◆ Work request: Reproduce the listing below in full and without alteration, apart from its pictures.

◆ The data:
==========

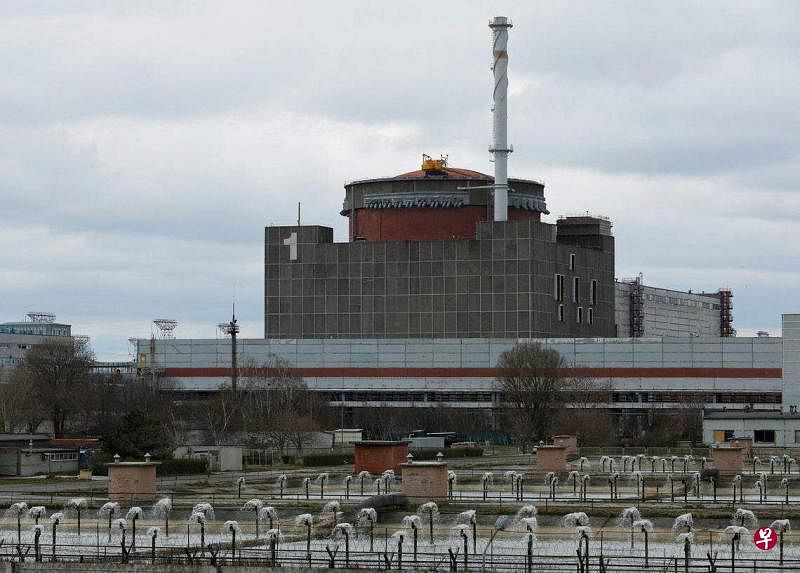 消息指出，几个月以来，俄军在乌克兰南部扎波罗热核电站内设置了射击位置并竖起隔离网，这一举措或是为了吓阻敌方无人机。（路透社）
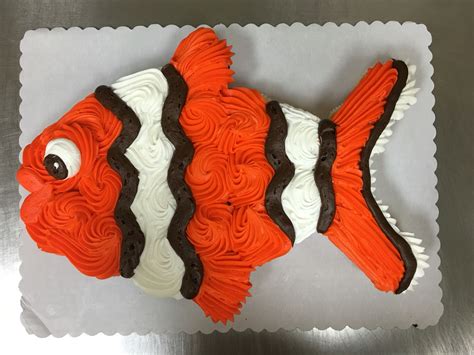 Clown fish cupcake cake made with 24 cupcakes and buttercream icing by Laurie Grissom | Fish ...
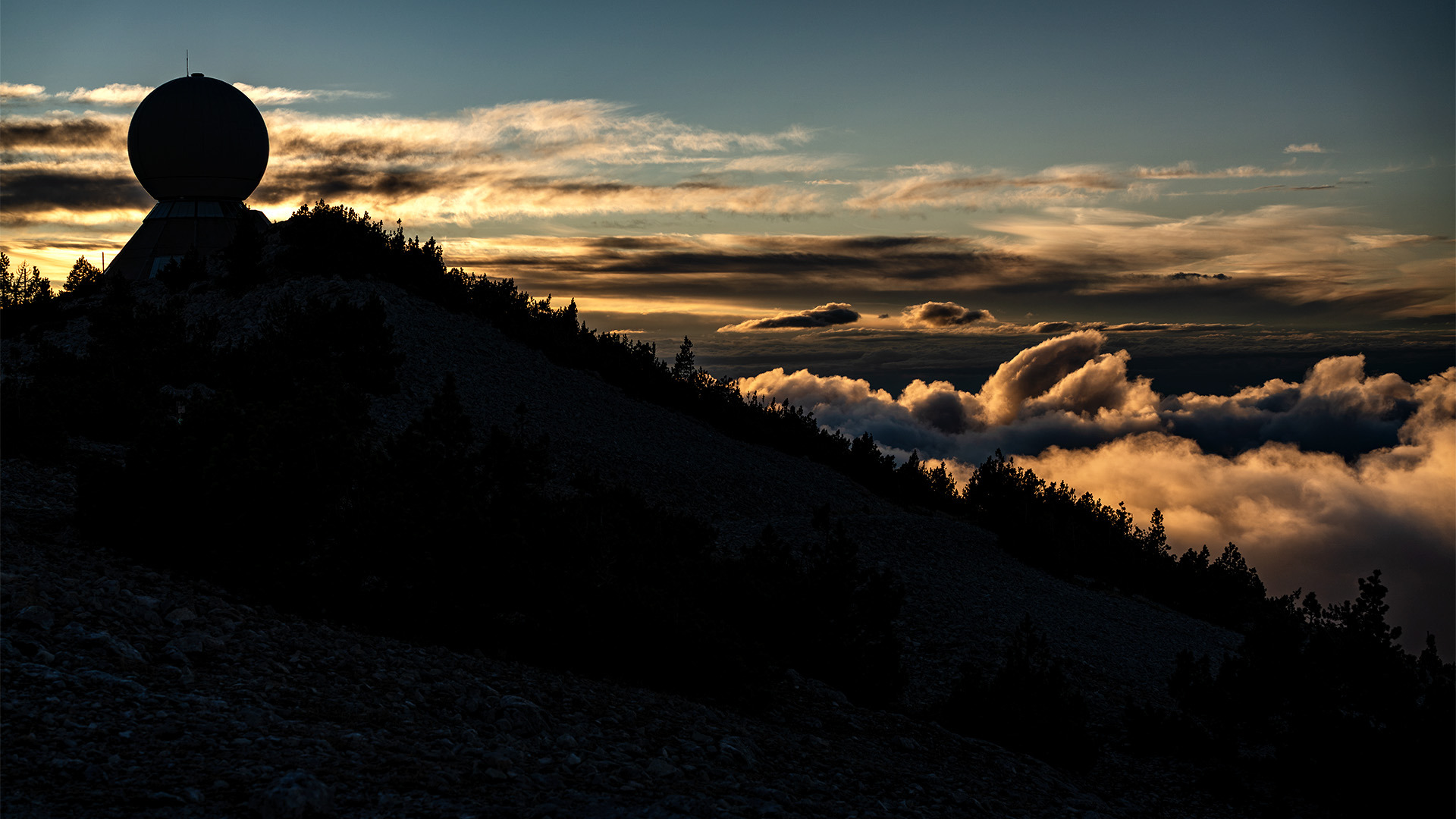 Sonnenuntergang am Mont Ventoux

==========

◆ Result of this task:
 消息指出，几个月以来，俄军在乌克兰南部扎波罗热核电站内设置了射击位置并竖起隔离网，这一举措或是为了吓阻敌方无人机。（路透社）
 Clown fish cupcake cake made with 24 cupcakes and buttercream icing by Laurie Grissom | Fish ...
 Sonnenuntergang am Mont Ventoux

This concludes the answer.